Antes do jogo, por estar consciente das limitações do FC Porto para este jogo, só pedia que a equipa conseguisse trazer a eliminatória viva para Portugal. O 2-0 a favor do Dortmund deixa as coisas muito complicadas e só uma equipa com muita garra e vontade de vencer poderá anular esta desvantagem, mas dia 25 José Peseiro já poderá contar com Maxi, Danilo e Marcano, o que faz muita diferença.

Em relação a este jogo não há muito a dizer a não ser que esperava francamente mais dos alemães. Um golo na primeira oportunidade, outro à tabela e mais duas ou três oportunidades não são nada de impressionante contra um adversário que nem quatro defesas tinha disponíveis. Casillas e Indi fizeram exibições dentro do esperado, enquanto não se podia pedir mais a Layún, Varela, Ángel, Rúben Neves, Sérgio Oliveira e Marega porque nem costumam ser opções principais e/ou estavam a jogar fora das posições habituais.
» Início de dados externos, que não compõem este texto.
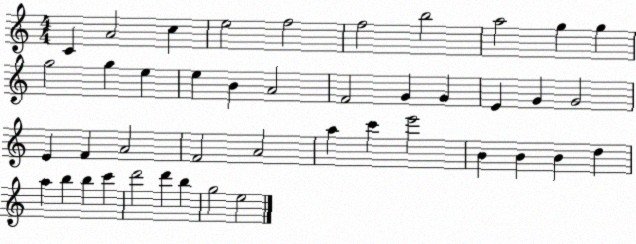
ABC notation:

X:1
T:Untitled
M:4/4
L:1/4
K:C
C A2 c e2 f2 f2 b2 a2 g g g2 g e e B A2 F2 G G E G G2 E F A2 F2 A2 a c' e'2 B B B d a b b c' d'2 d' b g2 e2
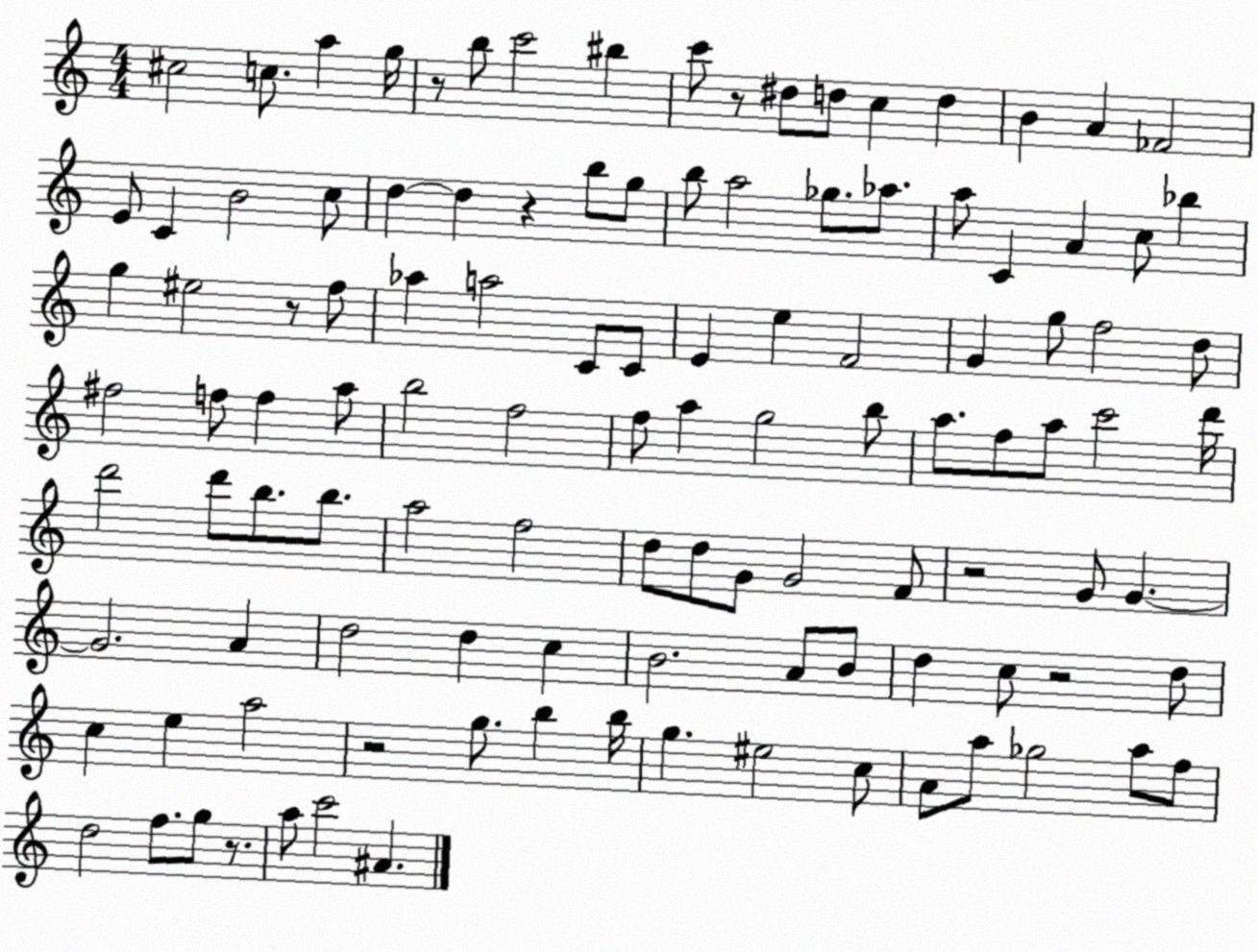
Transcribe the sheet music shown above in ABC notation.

X:1
T:Untitled
M:4/4
L:1/4
K:C
^c2 c/2 a g/4 z/2 b/2 c'2 ^b c'/2 z/2 ^d/2 d/2 c d B A _F2 E/2 C B2 c/2 d d z b/2 g/2 b/2 a2 _g/2 _a/2 a/2 C A c/2 _b g ^e2 z/2 f/2 _a a2 C/2 C/2 E e F2 G g/2 f2 d/2 ^f2 f/2 f a/2 b2 f2 f/2 a g2 b/2 a/2 f/2 a/2 c'2 d'/4 d'2 d'/2 b/2 b/2 a2 f2 d/2 d/2 G/2 G2 F/2 z2 G/2 G G2 A d2 d c B2 A/2 B/2 d c/2 z2 d/2 c e a2 z2 g/2 b b/4 g ^e2 c/2 A/2 a/2 _g2 a/2 f/2 d2 f/2 g/2 z/2 a/2 c'2 ^A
No entanto, admito que esperava mais de Brahimi - que fez um jogo esforçado mas pouco conseguido - e muito mais de Herrera e Aboubakar que até passaram a ideia de nem se terem esforçado.

Embora não tenha percebido a troca de Brahimi por André André durante a segunda parte, não vou culpar José Peseiro. Uma coisa é lançar um jogador da equipa B para jogar numa equipa minimamente entrosada - como aconteceu com Chidozie na Luz - e outra é ter dois dias para preparar a equipa para um jogo europeu e levar em cima, de uma assentada, com todo o mau planeamento do plantel.

É importante que os jogadores portistas se mentalizem que é possível reverter este resultado e que o melhor FC Porto é superior a este Borussia Dortmund. No Dragão o mínimo que se exige é que a equipa tente disputar a eliminatória e, dessa forma, limpe a imagem que deixou na Alemanha. Ninguém está a dizer que é fácil, mas também não é impossível.